Postby Andrew Bair » Sat Oct 20, 2012 1:22 pm

David M. Bueker wrote:
Tim York wrote:
David M. Bueker wrote:If labeling was really the problem then Alsatian wines would be much more popular than they are. Right now they are harder to move than German wines.


Lack of dryness/sweetness information on labels from most producers is a big problem with Alsatian wine. Did they move better in the days when they were reliably dry if not VT and SGN?


Tim - I agree with you. Sorry if my post wasn't clear.

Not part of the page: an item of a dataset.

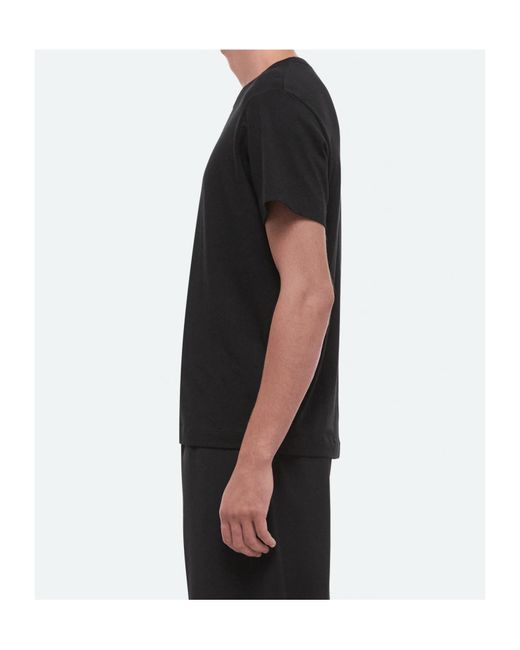 Helmut Lang Black Crew Neck Short-Sleeved T-Shirt for men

Alsatian wines did move better, but along with the sweetness issue, some very popular producers (e.g. Weinbach & Z-H) saw a near doubling in price over a very short (maybe 2 years) time. Their wines have disappeared from the shelves, as the shops won't stock them. Even the reliably dry Trimbach CFE has now started to meet with considerable resistance. It's a great wine, but now runs $45-$60 (depending on vintage) and has pushed beyond what most consumers will pay. Then there's the issue that beyond the big 3 (ZH, Weinbach, Trimbach) the distribution for Alsatian wines in the USA is downright terrible.


David -

Perhaps not every single recent vintage of Z-H is well-represented, but their wines are still pretty widely available in the Boston area.

I would point to another issue as well: Aside from Z-H and Trimbach, our local retailers and distributors promote other Alsatian wines that they do stock less than those from the Mosel, Kamptal, Alto Adige, and many other areas not named Bordeaux, Burgundy, and Napa. As one who attends a good number of retail tastings, it has been a long time since I remember anyone offering a sample of Weinbach or Marcel Deiss, for example. I have the sense the Z-H and Trimbach will sell to some loyal customers, but anything else is an extremely hard sell. Additionally, for my palate, Alsace competes very poorly with Germany and Austria in the $25 and under category these days.